── LISTED ENTRIES ──

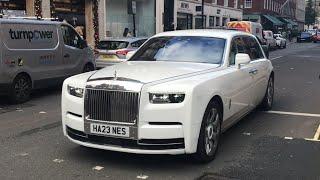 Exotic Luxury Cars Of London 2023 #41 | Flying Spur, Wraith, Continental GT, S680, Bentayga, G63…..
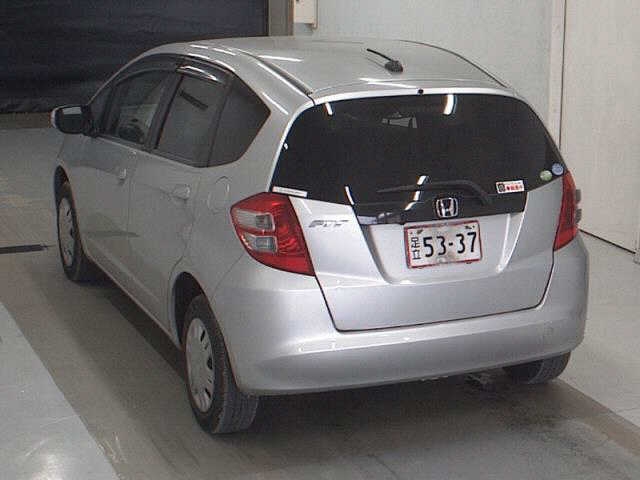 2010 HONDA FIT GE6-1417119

───
── LISTED ENTRIES ──

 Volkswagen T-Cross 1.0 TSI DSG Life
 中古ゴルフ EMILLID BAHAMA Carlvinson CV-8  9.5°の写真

───
── LISTED ENTRIES ──

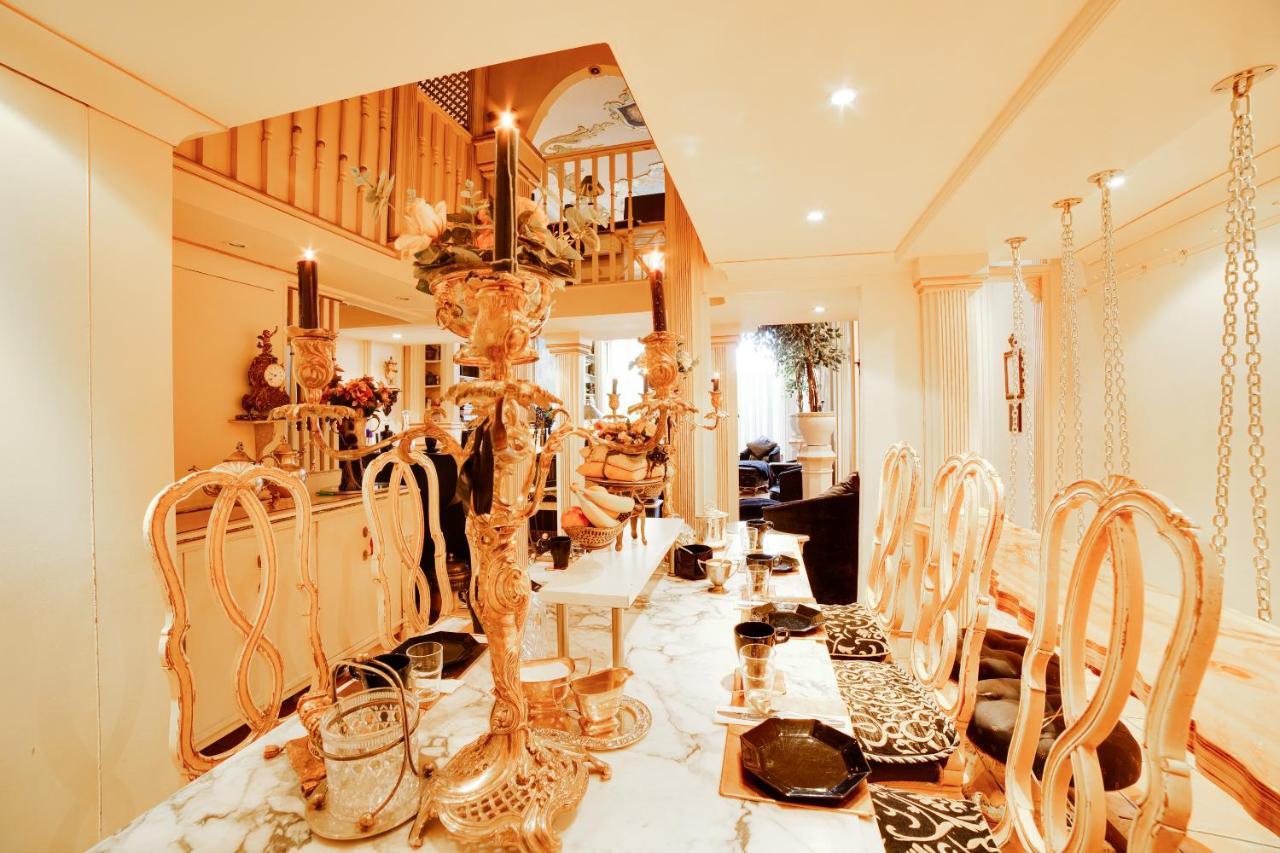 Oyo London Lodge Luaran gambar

───

TASK OBJECTIVE: Nothing but the lines above from the one that has "Exotic Luxury Cars" down to the one that has "2010 HONDA FIT GE6-1417119" belongs in the answer, copied exactly, without pictures.

ANSWER SPACE:
 Exotic Luxury Cars Of London 2023 #41 | Flying Spur, Wraith, Continental GT, S680, Bentayga, G63…..
 2010 HONDA FIT GE6-1417119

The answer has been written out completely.